Gotrade News - Spot gold tumbled 1.3% to USD 4,447.71 per ounce, marking its lowest level since March 27, 2026. June gold futures slid 1.2% to USD 4,448.40 per ounce as inflation and Middle East risks weighed on sentiment.
The drop reflects shifting expectations that the Federal Reserve could raise rates by 25 basis points before year-end. Mining stocks and gold-linked ETFs face renewed pressure as the safe-haven trade loses momentum.
Key Takeaways
- Spot gold fell to USD 4,447.71/oz, the lowest since late March, while June futures slipped 1.2%.
- Iran conflict overhang and rising US rate-hike bets are reshaping flows out of safe-haven metals.
- Silver dropped 3.2%, platinum lost 2.1%, while palladium edged 0.1% higher in mixed precious metals action.
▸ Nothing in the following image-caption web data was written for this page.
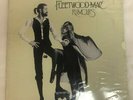 Fleetwood Mac Rumours - Vinyle Lp Album, 1977 Great Rock Pop #749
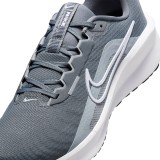NIKE DOWNSHIFTER 13 FD6454-010 Grey Image 3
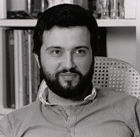 Dmitry Sitkovetsky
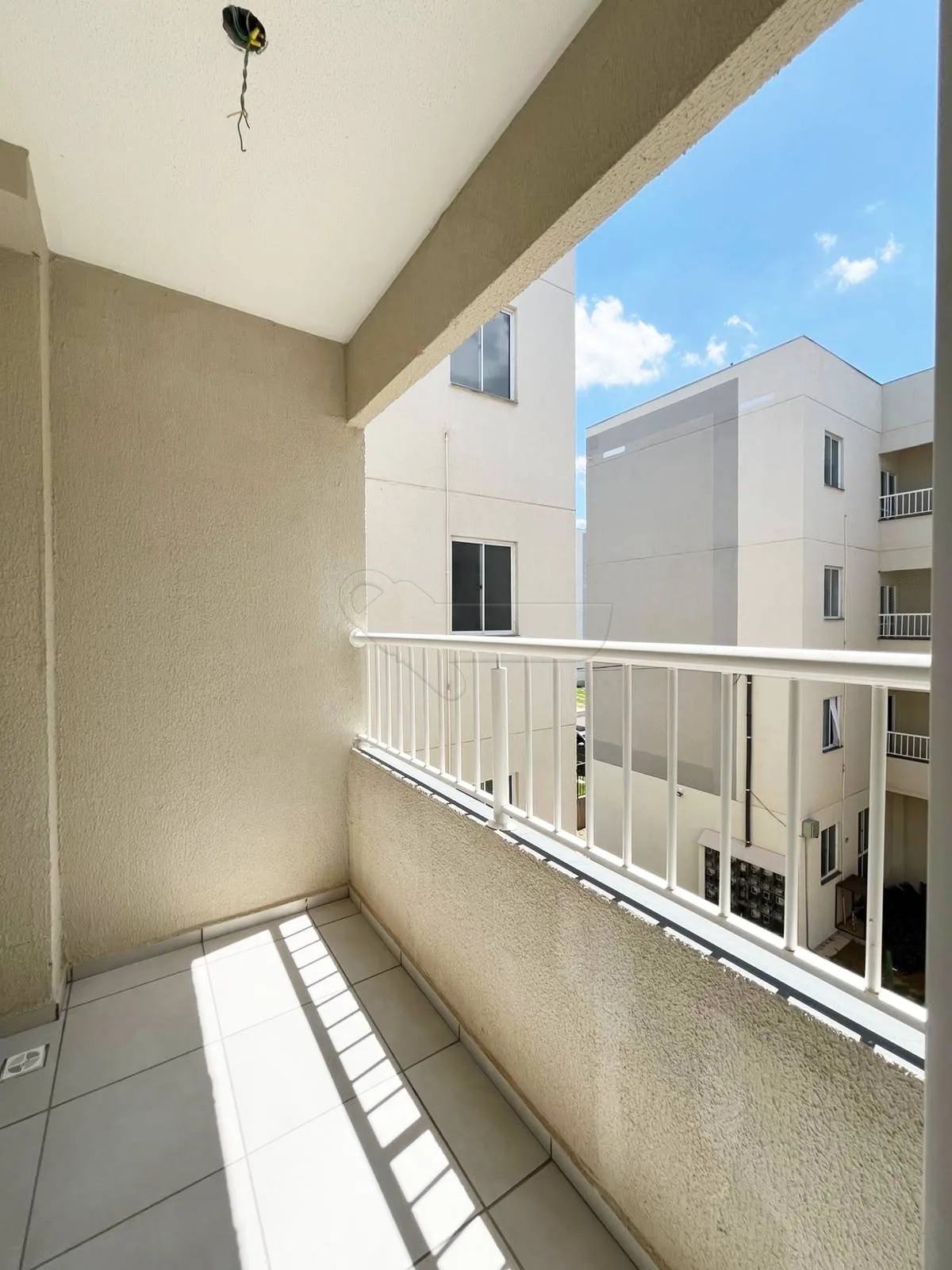 Alugar Apartamento / Padr&atilde;o em Limeira R$ 1.350,00 - Foto 5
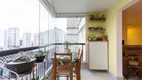 Foto 5 de Apartamento com 2 Quartos à venda, 83m² em Vila Andrade, São Paulo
Inflation Bets Reshape the Gold Trade
According to Kumparan, markets now price a possible 25-basis-point Fed hike by year-end. Minneapolis Fed President Neel Kashkari stressed policymakers must contain inflation risks aggressively.
Higher rate expectations typically reduce demand for non-yielding assets like bullion. That backdrop is pressuring SPDR Gold Shares (GLD), which tracks spot gold closely for global investors.
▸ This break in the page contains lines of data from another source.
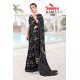 SAUMYA SAREES HARLYN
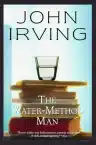 Cover of The Water-Method Man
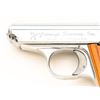 Image 6 : Jennings J-22 Semi-Automatic Pistol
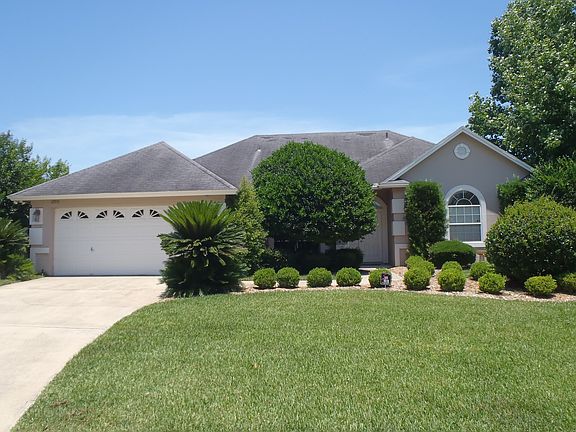 2nd image of 12931 Rivermist Way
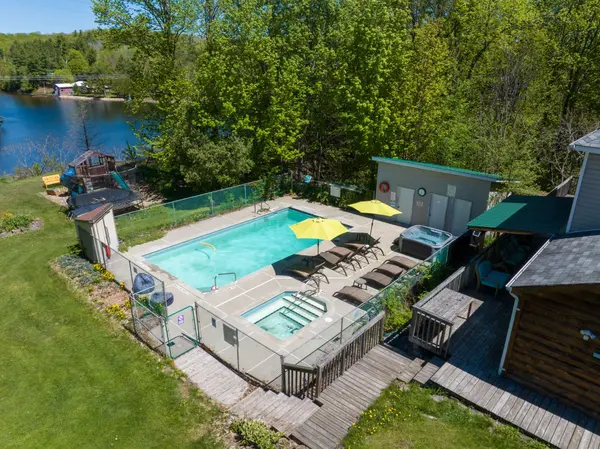 2471 Road 506, Cloyne (PIN3617 RD, Frontenac, ON K0H 1K0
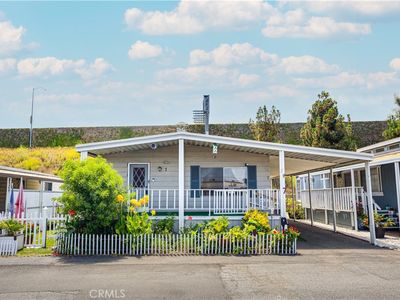 13202 Hoover St SPACE 7, Westminster, CA, 92683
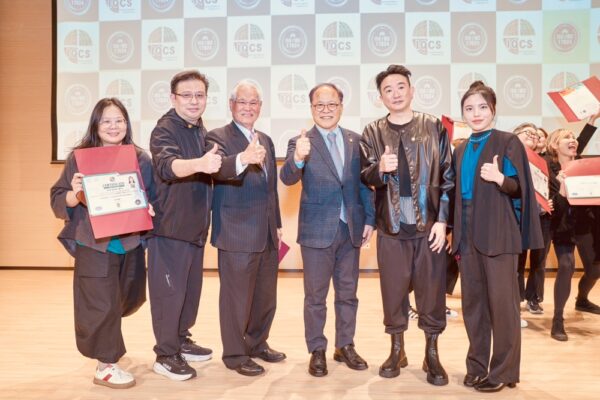 20260205002553 30 600x400 1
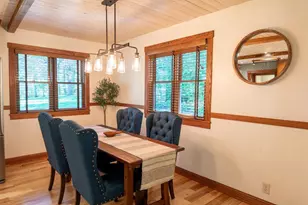 8341 N Kidder Rd, Edgerton, WI 53534 - Photo 8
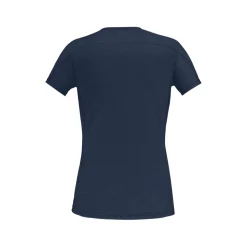 Koszulka Norrona Falketind Equaliser Merino T-shirt Women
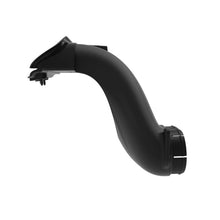 Load image into Gallery viewer, aFe Power Dynamic Air Scoop D.A.S. for 2021-2022 Ford F-150(52-10010S)
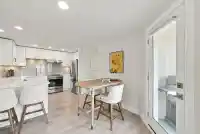 9 15989 MARINE DRIVE - thumbnail 5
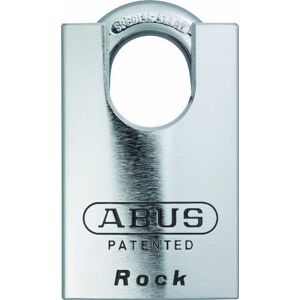 ABUS 83/55mm Cadenas en acier trempé - Niveau de sécurité 9 - Publicité ABUS 83/55mm Cadenas en acier trempé - Niveau de sécurité 9 - Publicité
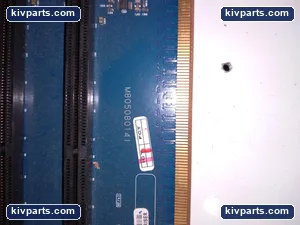 M805080141 – actual item, photo 2 of 4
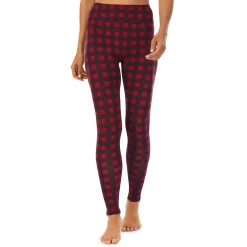 Softwear With Stretch High Waist Legging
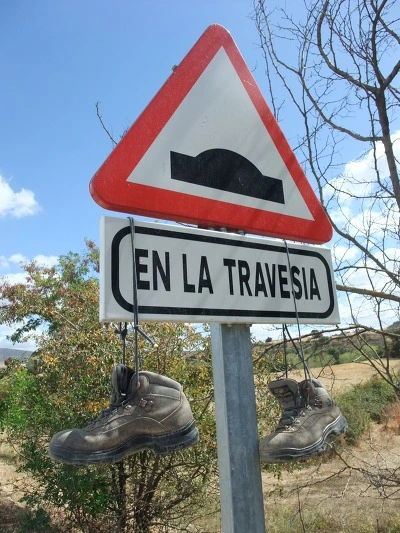 174B5A384EF7184A27A484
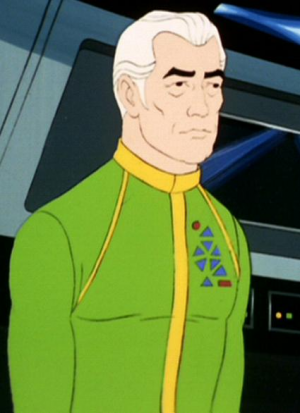 Robertapriloldjpg — Star Trek Cast/Crew Ranker option 74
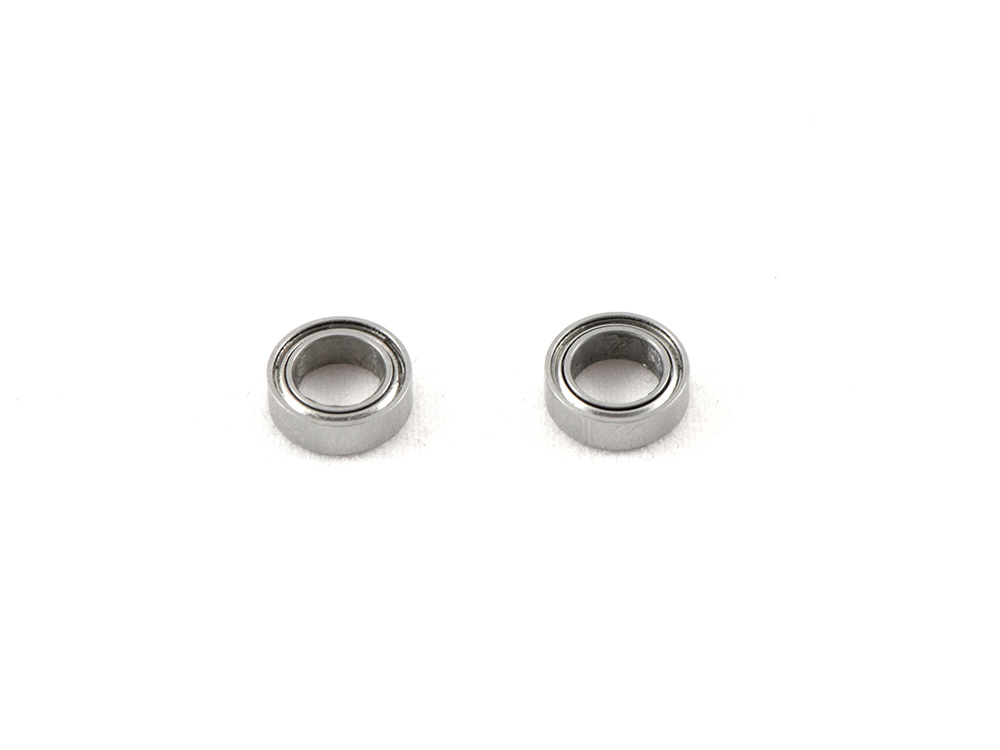 INFINITY R0173 ٥ 5x8x2.5 2pcs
Peter Grant, VP and Senior Metals Strategist at Zaner Metals, said the Middle East still dominates positioning. He warned that a prolonged Iran conflict could erode optimism across commodity markets.
Investors are now weighing whether persistent geopolitical risk can offset tighter monetary policy expectations. The combination is creating sharper two-way moves across precious metals than seen earlier this year.
Iran Conflict and Miner Exposure
As reported by IDX Channel, the Strait of Hormuz closure has lifted Brent crude and reinforced rate-hike expectations. Iran plans to restore Hormuz shipping within one month, easing some supply concerns.
Energy-driven inflation risk has historically supported gold, but rate expectations are dominating this cycle. Producers like Newmont (NEM) remain sensitive to spot price swings around the USD 4,400 zone.
Diversified miner exposure through VanEck Gold Miners ETF (GDX) typically amplifies bullion moves. A sustained break below the March low could trigger broader miner repricing across the sector.
Per Kumparan, silver dropped 3.2% to USD 74.46, while platinum fell 2.1% to USD 1,916.90 per ounce. Palladium bucked the trend with a 0.1% gain to USD 1,386.47.
The divergence highlights how industrial demand and monetary policy are pulling precious metals in different directions. Traders are watching whether silver and platinum stabilize alongside any gold rebound attempt.
In Asia, Indonesian Antam retail gold held at Rp 2,785,000 per gram on May 28, 2026. The day prior, Antam dropped Rp 13,000 from Rp 2,798,000, reflecting the global pullback with a short lag.
Retail gold buyers across Southeast Asia often track spot moves through ETFs rather than physical inventory. Global flows still anchor regional pricing despite local market quirks and import dynamics.